There is a strong consensus that sustainability is having—and will continue to have—a material impact on how companies think and act.

  • Ninety-two percent of survey respondents said that their company was addressing sustainability in some way.
  • There was also a strong consensus that the underlying drivers of sustainability are highly complex, interrelated, and lasting, and that the corporate sector will play a key role in solving the long-term global issues related to sustainability.

Sustainability is surviving the downturn.

  • Fewer than 25 percent of survey respondents said that their company had decreased its commitment to sustainability during the downturn.
  • Respondents in some segments, such as the automotive industry and the media and entertainment industry, reported an increased company commitment to sustainability relative to the average.

Although almost all the executives in the survey thought that sustainability would have an impact on their business and were trying to address this topic, the majority also said that their companies were not acting decisively to fully exploit the opportunities and mitigate the risks that sustainability presents.

  • The majority of sustainability actions undertaken to date appear to be limited to those necessary to meet regulatory requirements.
  • More than 70 percent of survey respondents said that their company has not developed a clear business case for sustainability.

A small number of companies, however, are acting aggressively on sustainability—and reaping substantial rewards.

  • Once companies begin to pursue sustainability initiatives in earnest, they tend to unearth opportunities to reduce costs, create new revenue streams, and develop more innovative business models.
  • The early movers’ approaches have several key characteristics in common: they incorporate a comprehensive set of data into a robust business case, which they then integrate throughout all relevant aspects of their operations to deliver measurable financial results.

Thought leaders and survey respondents with experience in sustainability interpreted sustainability concerns (and their management implications) far more broadly than did survey respondents lacking such experience.

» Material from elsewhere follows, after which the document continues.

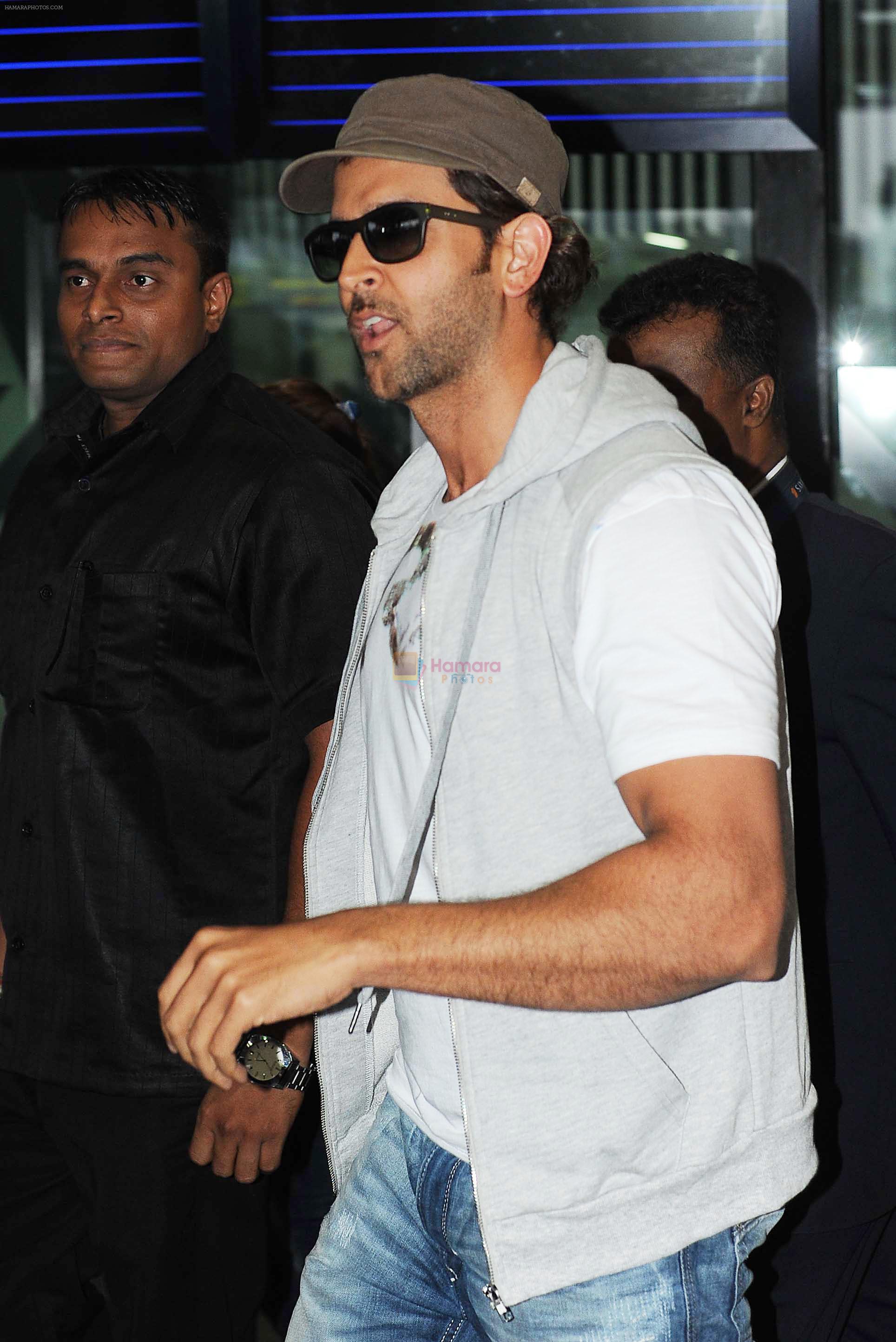 Hrittik Roshan arrived at Kolkata Airport for IPL on 6th April 2015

This understanding can open sometimes surprising opportunities for capturing advantage.

  • While sustainability’s novice practitioners thought of the topic mostly in environmental and regulatory terms, with any benefits stemming chiefly from brand or image enhancement, practitioners with more knowledge about sustainability expanded the definition for sustainability well outside the “green” silo. They tended to consider the economic, social, and even political impacts of sustainability-related changes in the business landscape. Simply put, they saw sustainability as an integral part of value creation.
  • Self-identified experts in sustainability believed more strongly in the importance of engaging with suppliers across the value chain. Sixty-two percent of these respondents considered it necessary to hold suppliers to specific sustainability criteria; only 25 percent of novices felt the same way.
  • There was a high correlation between the depth of a business leader’s experience with sustainability and the drivers and benefits that he or she perceived. For example, 68 percent of business leaders with sustainability expertise cited improved financial returns as a benefit from their organization’s investments in sustainability initiatives, compared with only 32 percent of novices. This suggests that the more people know about sustainability, the more thoughtfully they evaluate it and the more opportunity they see in it—and the more they think it matters to how companies manage themselves and compete.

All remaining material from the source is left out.